The two biggest updates to Messenger that were announced by staffers were real doozies.
First, Facebook will launch an AR integration for Messenger that will allow businesses of all sizes to “Leverage the Camera Effects Platform to easily integrate AR into their Messenger experience, bringing the virtual and physical worlds one step closer together.”
Let’s say you run an ecommerce business and someone uses Messenger to ask you a question about one of your products. This integration will allow you to prompt the potential customer to open their camera, which will let them visualize the product before buying it through the use of custom filters and AR effects.
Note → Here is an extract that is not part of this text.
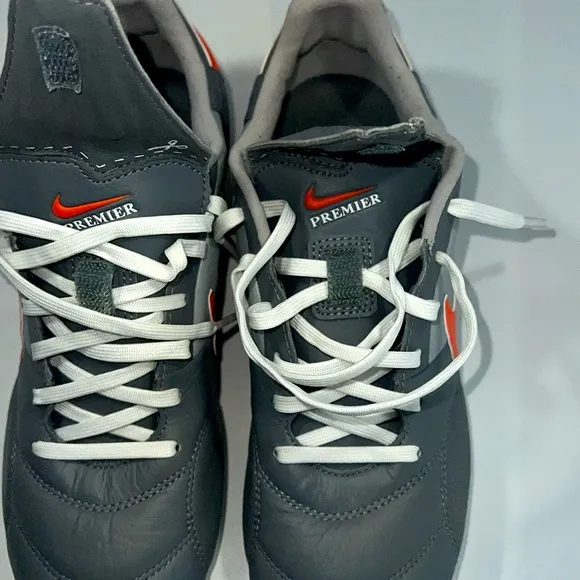 NIKE PREMIER GRAY/ORANGE LEATHER SOCCER CLEATS Kids Sz 7 athletic shoes. No Box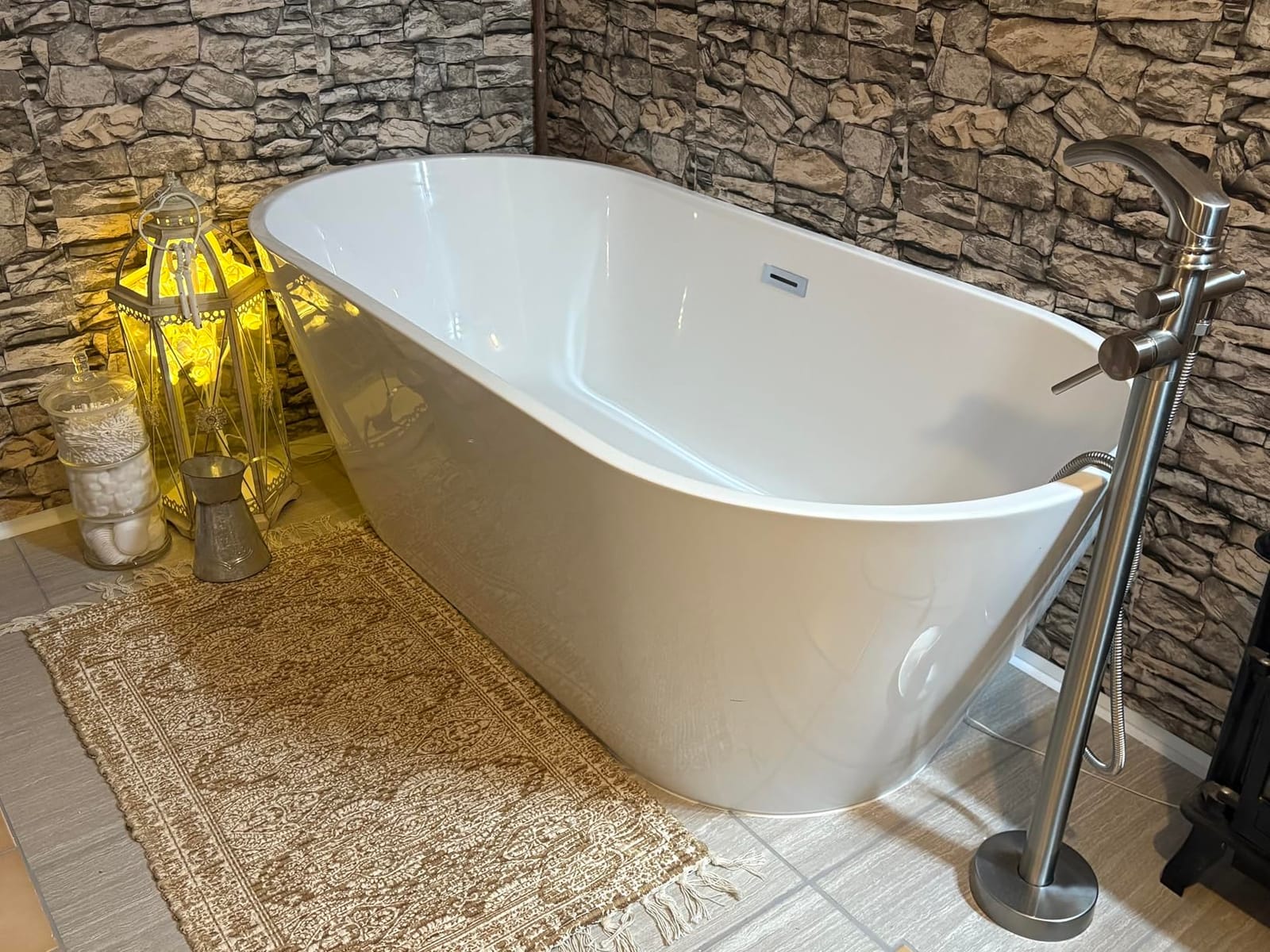 Freestanding Bathtub 67 inch Extra Large Freestanding Bathtub - Modern Oval Freestanding Tub with Chrome Drain & Overflow for Home Spa or Bathroom Relaxation customer photo 1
Though the feature is in closed beta and will only be rolled out to select brands over the next few months, Facebook plans to roll it out to all businesses if testing goes smoothly.
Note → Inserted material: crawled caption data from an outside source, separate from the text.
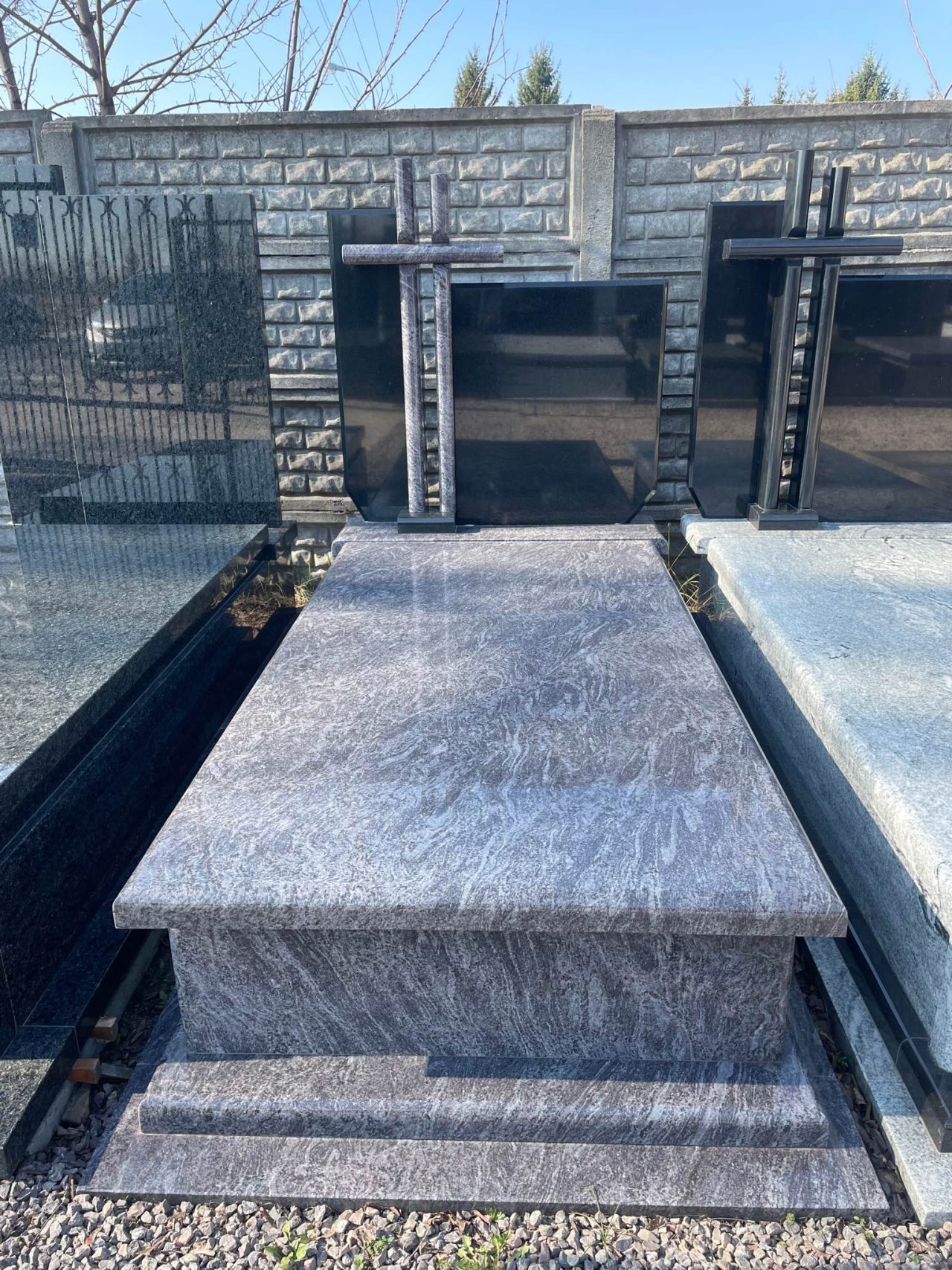 23_pomniki_babice_pomniki_granit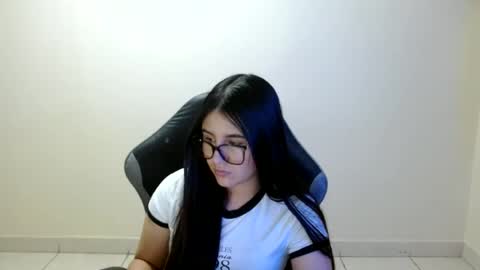 Sahaliefox  online show from June 12, 2026, 9:46 pm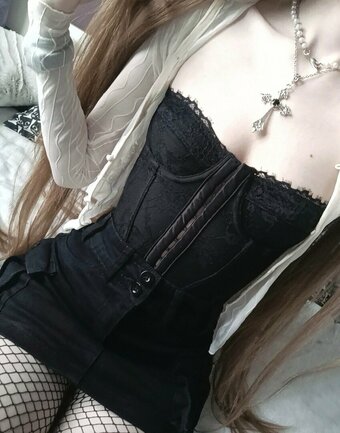 Nee.vrm Nude Leaks Photo 19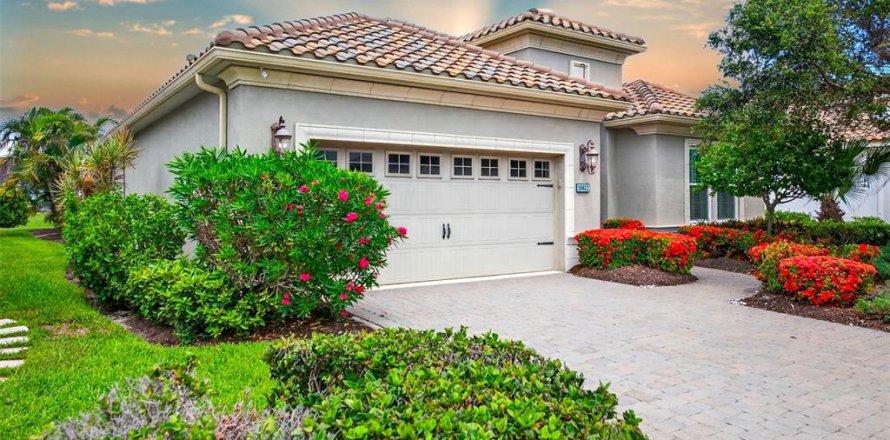 Villa ou maison à Englewood, Floride 3 chambres, 207.26 m2 № 1816593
Next up, Facebook is implementing a new translation feature to help users communicate outside of their default language.
Right out of the gate, M will assist users with “translations from English to Spanish (and vice-versa) in Marketplace conversations taking place in the US.” We anticipate that Facebook is simply using Marketplace as a testing ground; if the translation feature proves effective, it’s only a matter of time before language barriers are nothing of the sort for businesses worldwide.
While they don’t quite make up for the loss of free third-party targeting data baked into its ad interface, these features add a ton of business potential to Facebook, Instagram, and Messenger from both an organic and paid perspective. As the Cambridge Analytica fallout continues and these innovations go live for all of us operating on a Facebook property, it’s going to be super interesting to see how businesses of all sizes leverage these tools at each stage of the sales process.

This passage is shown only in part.